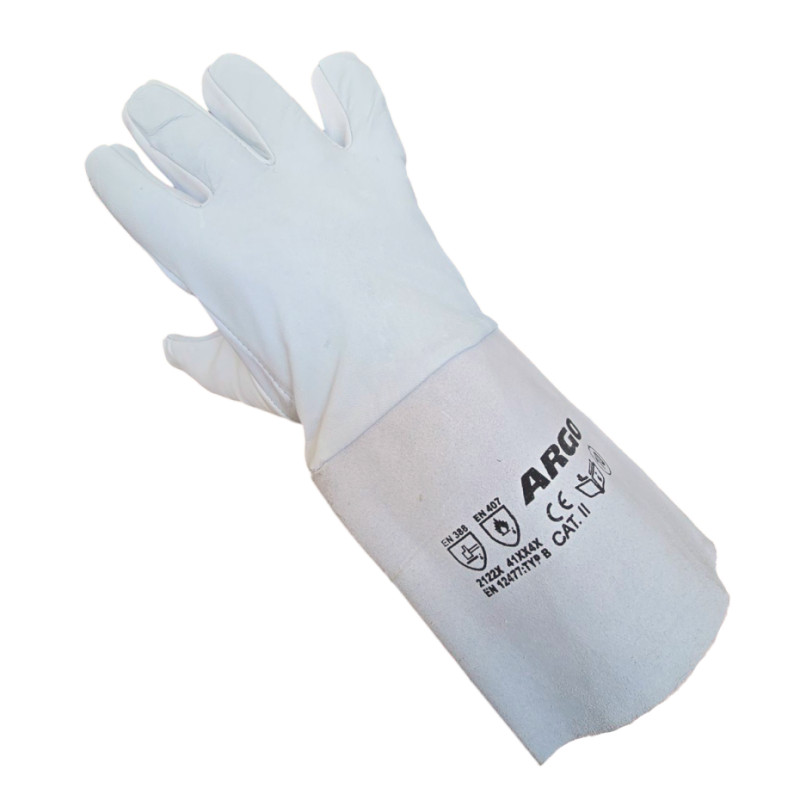 Rękawice skórzane ARGO (IM8465)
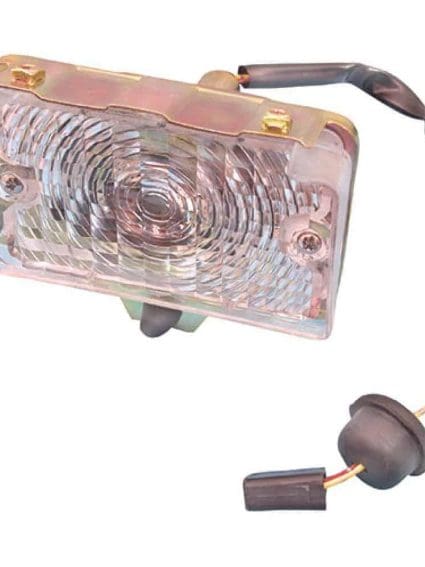GLAM1646 Front Light Park Lamp Assembly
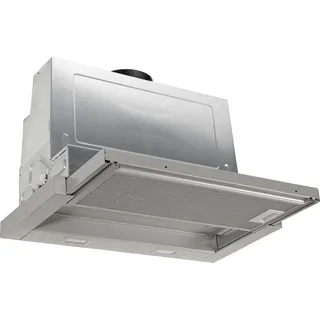 Neff D46ED52X1 Flachschirmhaube 60 cm silbermetallic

▶ Directions for this task
If a picture falls within the lines from the one containing "GLAM1646 Front Light Park Lamp Assembly" through the end of the material, leave it out while repeating those lines exactly.

▶ Answer area
GLAM1646 Front Light Park Lamp Assembly
 Neff D46ED52X1 Flachschirmhaube 60 cm silbermetallic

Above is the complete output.